O que eu pretendo ter feito é uma coisa, o que eles vão encontrar pode ser bem outra… Mas a ideia era tentar trilhar um meio de caminho, de um lado, entre a relativa “elevação” e “uniformização” da prosa e do registro do [Antonio] Houaiss e, do outro, a tendência mais “popularizante” da professora Bernardina [Silveira]. Méritos à parte. Cada uma delas com suas vantagens e suas coerências com os momentos em que foram feitas. Mas a ideia era tentar achar um meio de caminho em que se respeitasse mais amplamente a imensa gama de cores, registros, estilos, recursos e efeitos do Ulysses. Uma tradução um pouco mais “pretensiosa”, que tente responder na mesma moeda tanto às invenções quanto ao que de mais estritamente romanesco há no livro, democrático e variado como nenhum outro. Uma tradução mais colorida, mais divertida, mais inventiva, mais abrangente, mais safada, mais ousadinha mesmo. E, ao mesmo tempo, mais informada, porque a indústria joyciana não para. E cada cinco ou dez anos representam pilhas a mais de livros, comentários e recursos, de que eu pude agora me servir.

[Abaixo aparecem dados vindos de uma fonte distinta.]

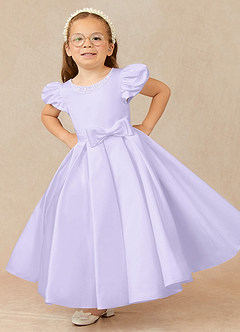 Azazie Jewel Flower Girl Dresses Lilac Ball-Gown Pleated Matte Satin Dress image1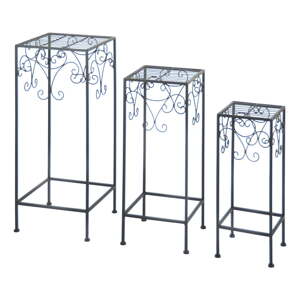 Set od 3 crna stola za cvijeće Esschert Design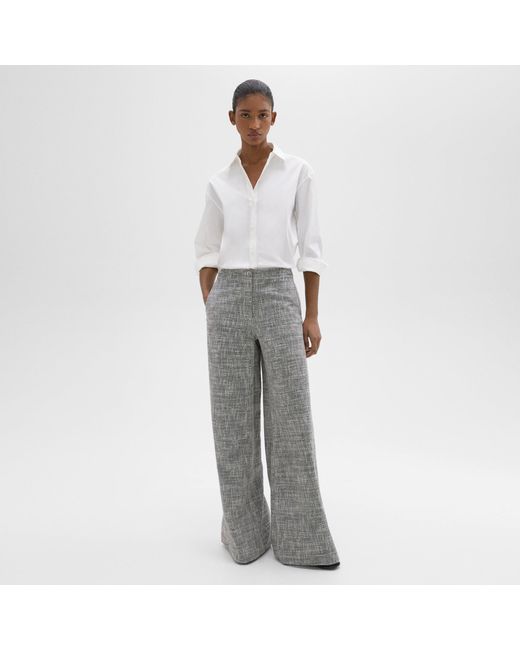 Theory Gray Wide-leg Carpenter Pant In Canvas Tweed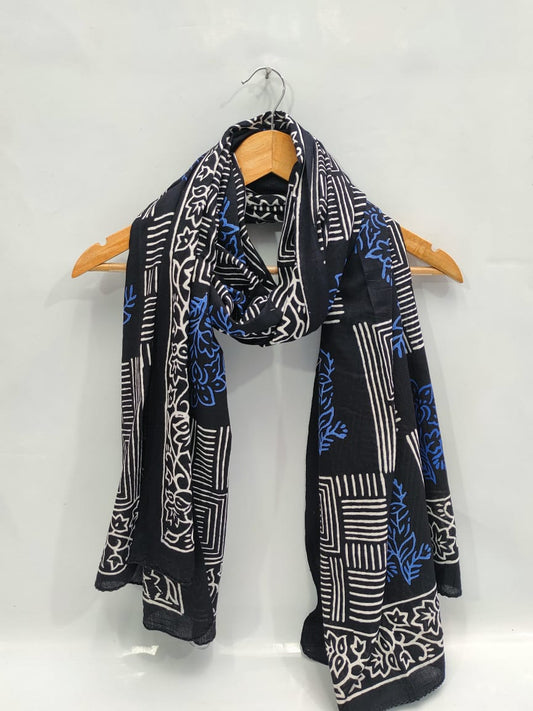 mul cotton dupatta stole hand block printed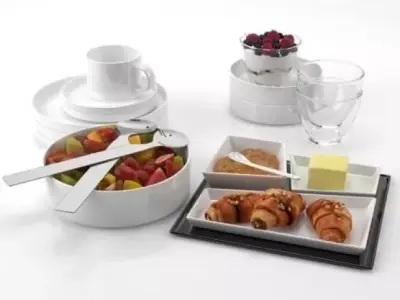 Outdoor Set 1 three chairs on table 3D model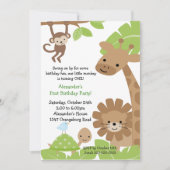 Oerwoud Safari Birthday Uitnodiging (Voorkant)
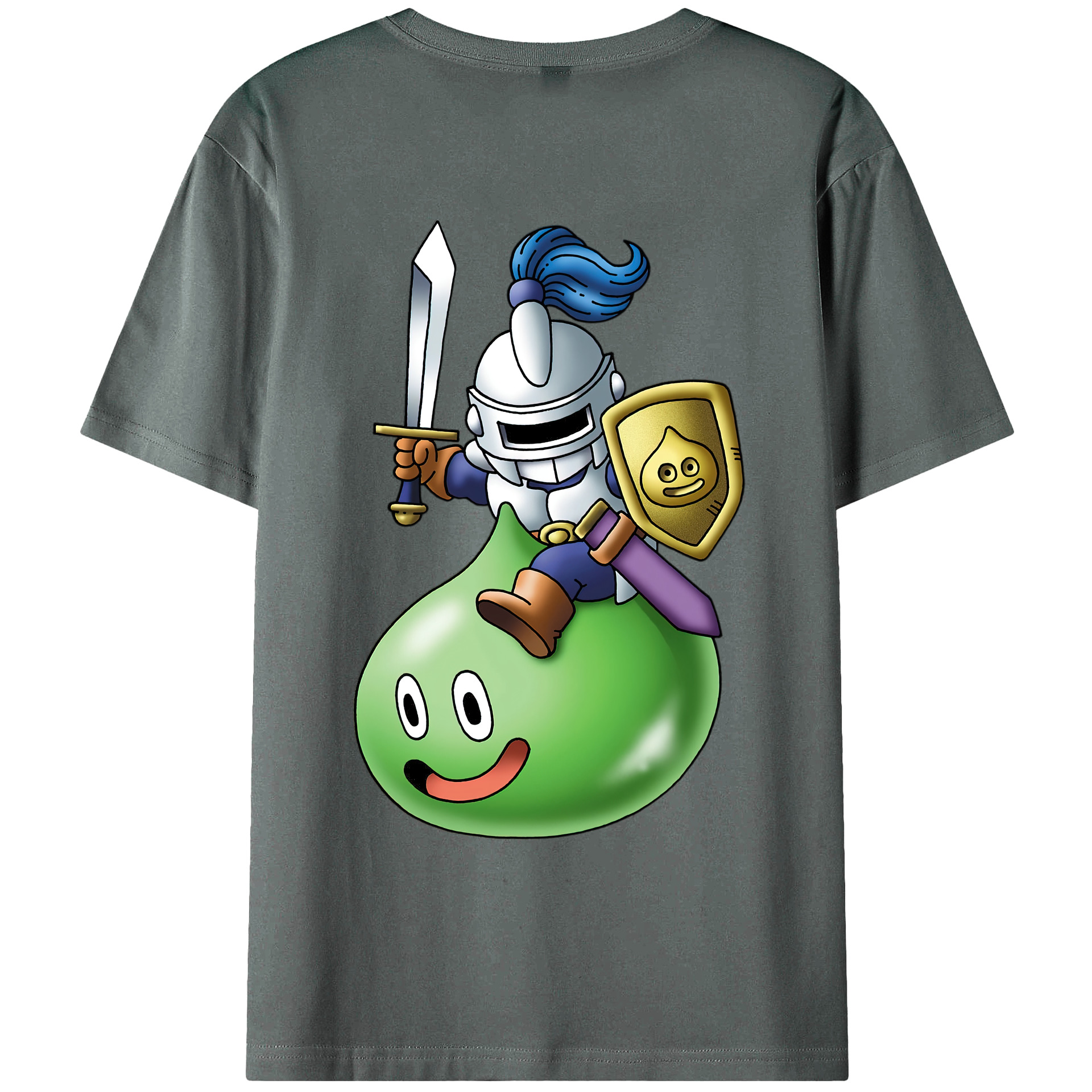 （画像用） ドラゴンクエスト Doragon Kuesuto Dragon Quest 綿100％ メンズ半袖Tシャツ（バックプリント） 通気性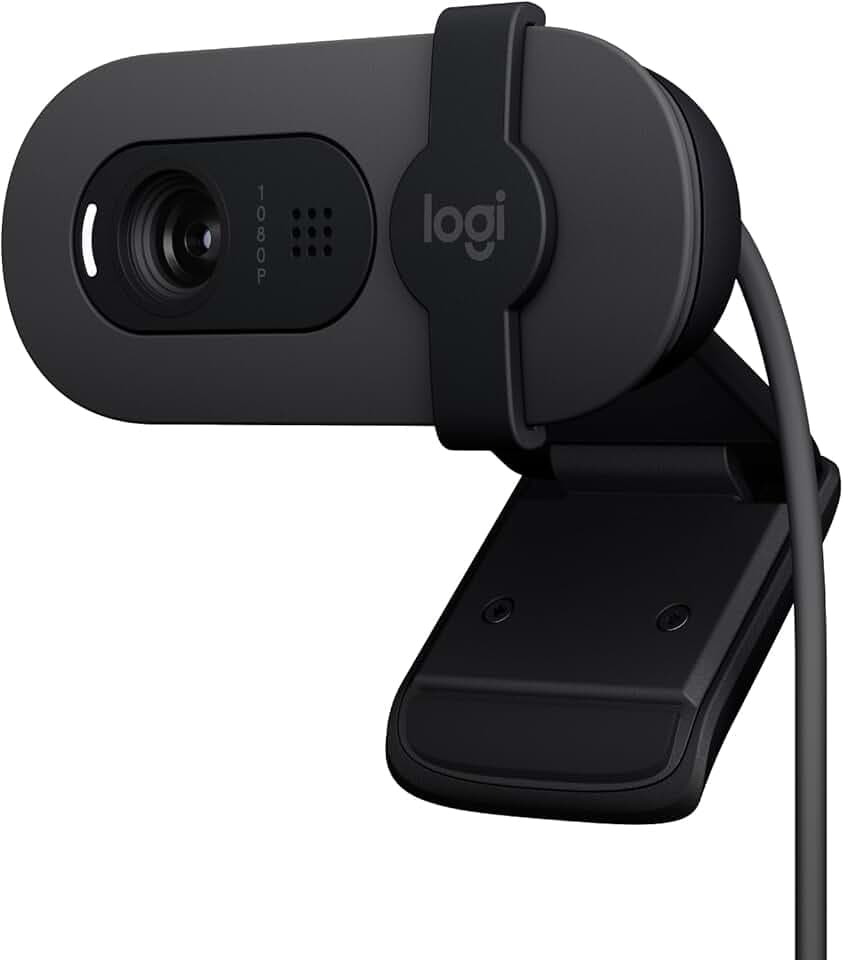 Logitech Brio 100 Full HD per riunioni e streaming, bilanciamento automatico illuminazione, microfono integrato, copriobiettivo, USB-A per Microsoft Teams, Google Meet, Zoom ecc - Grafite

Que tipo de dificuldade que você enfrentou ao traduzir Ulysses, que tem particularidades literárias ligadas a costumes e regionalismo irlandeses?

Todo tipo. Pode chutar um aí. Olha, o Finnegans Wake, o romance seguinte do Joyce, é um problema de espécie. Aquilo é uma outra coisa. E as dificuldades envolvidas, seja num processo de leitura seja num processo de tradução serão, sempre, fundamentalmente novas, eventualmente únicas. No Ulysses, o que acontece é uma questão de grau. As dificuldades envolvidas na tradução, assim como na leitura do romance, são as mesmas presentes em toda a tradição romanesca anterior e posterior ao livro. Só que exacerbadas. Intensificadas mesmo. É como traduzir uns dezoito romances densos em um só. Mesmo. Sem retórica. O ganho de experiência é o tamanho dos obstáculos.

Você traduziu recentemente o romance Vício inerente, do escritor americano Thomas Pynchon, também considerado um autor “difícil” e de estilo literário intrincado, tal como Joyce. Por que a atração por escritores com essas características?

Pynchon é muitíssimo bem representado no Brasil pelo grande [tradutor e poeta] Paulo Henriques Britto, que aliás vem sendo meu santo-interlocutor e copidesque magnífico nessa última etapa de revisão do Ulysses. Eu podia dizer que hoje é a editora que escolhe, porque eu, afinal, sou soldadinho etc. (Só o Ulysses é que foi originalmente um projeto “meu”.) Mas o fato é que acho que eu acabo recebendo essas “missões” (mais recentemente Tom Stoppard, Ali Smith, James Agee), esses autores “difíceis”, porque é mesmo algo que me cabe direitinho. É o tipo de literatura de que eu gosto. E, consequentemente, é aquela que eu possivelmente escrevo melhor como tradutor. Porque faço com mais tesão? Eu sou tradutor de horas vagas e acaba que esse elemento, esse “gosto” pesa nas minhas escolhas e nas escolhas que a editora, sabiamente, tem feito por e pra mim. Sabe, antes de ser tradutor, antes de ser professor universitário, eu era músico. E pode bem ser que isso tenha formado a minha cabeça mais que qualquer outra coisa. E a música, estudar música de verdade, te inclina sempre pra esse lado formal, de brincar com formas e estruturas. Sei lá. Te parece? Mas me soa, sabe. Cá por coisas. Vá saber.